The Day of Atonement was a day associated with wrath, smoke and burning. There are two facets to the smoke and burning. Either there was a sufficient sacrifice for sin, or there wasn’t. One type of smoke and burning was from the acceptable sacrifice, and God’s wrath was turned away. The other facet of smoke and burning was the wrath of God directed at people who did not have an acceptable sacrifice.

 

The great day of the LORD is near, near and hastening fast; the sound of the day of the LORD is bitter; the mighty man cries aloud there. A day of wrath is that day, a day of distress and anguish, a day of ruin and devastation, a day of darkness and gloom, a day of clouds and thick darkness, a day of trumpet blast and battle cry against the fortified cities and against the lofty battlements.

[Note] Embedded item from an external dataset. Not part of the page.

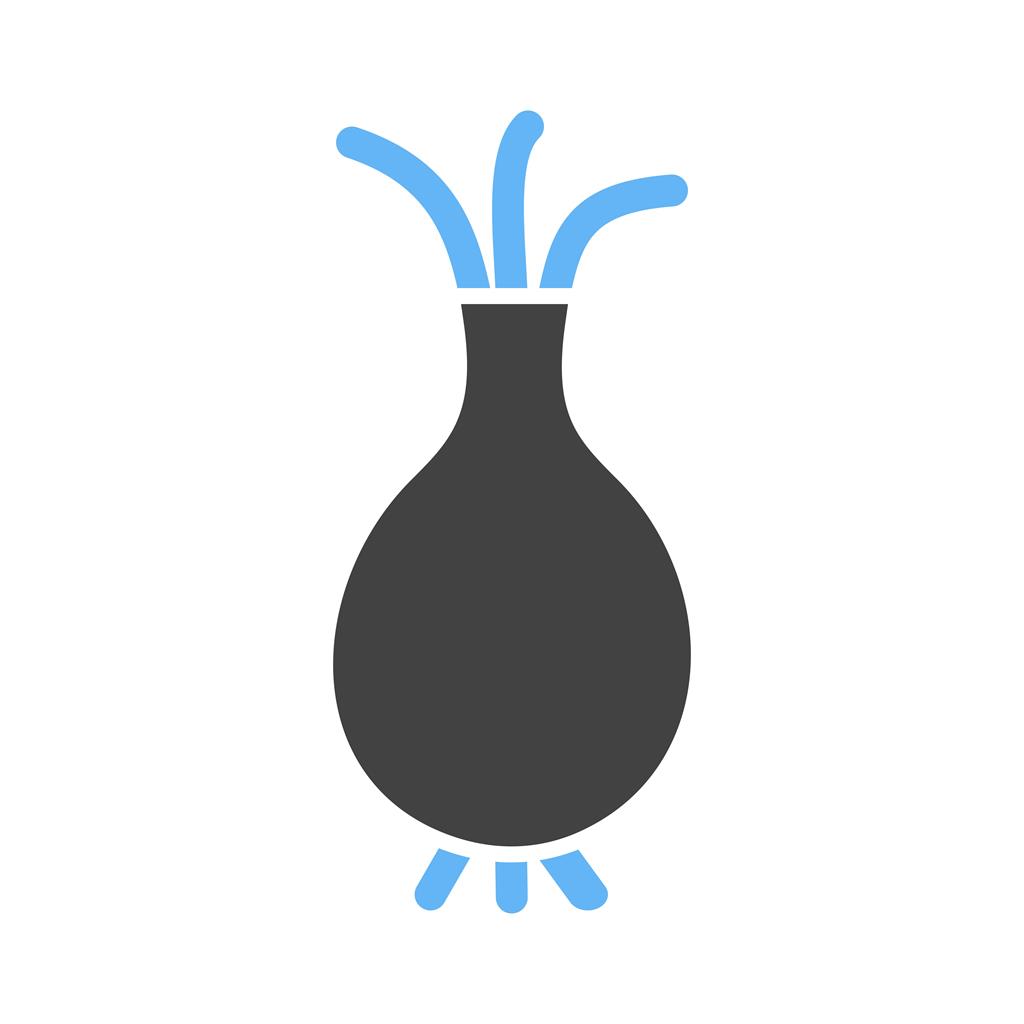 Vegetable plant Blue Black Icon - IconBunny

I will bring distress on mankind, so that they shall walk like the blind, because they have sinned against the LORD; their blood shall be poured out like dust, and their flesh like dung. (Zephaniah 1:14–17, ESV)

 

Before the death and resurrection of Jesus the Yom Kippur sacrifice looked forward to the offering of His own blood on our behalf. Now we remember that work in humility, but we still look forward to that final day of judgment and fast and pray for those who aren’t prepared. Those of us who believe have accepted His sacrifice and God’s wrath on this day is turned away. Those who haven’t accepted Jesus are risking the burning anger of God. This is why we “afflict ourselves” (fast) as it says in Leviticus 16:29 and other places. We bow our heads in humility remembering the sacrifice, and the cost of that sacrifice for our sins. We also fast and pray for repentance that everyone would likewise accept God’s Word and humble themselves.

 

Gather together, yes, gather, O shameless nation, before the decree takes effect —before the day passes away like chaff— before there comes upon you the burning anger of the LORD, before there comes upon you the day of the anger of the LORD. Seek the LORD, all you humble of the land, who do his just commands; seek righteousness; seek humility; perhaps you may be hidden on the day of the anger of the LORD. (Zephaniah 2:1–3, ESV)

 

Some misguided people make a big deal out of exactly which day to have the holy days of the Lord. There is no procedure outlined for us in the Word, but there are people who want to help God out by splitting hairs about the new moon (which indicates the start of the month). They are missing the point about the whole thing. Majoring in the minors. Forsaking unity and brotherhood to push their “holier than thou” agenda. This kind of quibbling is proof that the Word does not dwell in their hearts, because love dwells with the Law and love is not in these arguments. I’ve seen many who not only quibble about this kind of minor detail but other non-biblical issues such as head coverings while at the same time ignoring more salient and weightier issues such as love and honoring others. It’s not just me, either. Watch them yourself and you’ll see what I mean.

 

Remember the Law in its entirety with love and the Spirit in a heart of flesh. Don’t get caught up in quibbling with the quibblers. He who has an ear, let him hear what the Spirit says to the seven churches. Repent. Love God. Humble yourself in the sight of the Lord, and He shall lift you up.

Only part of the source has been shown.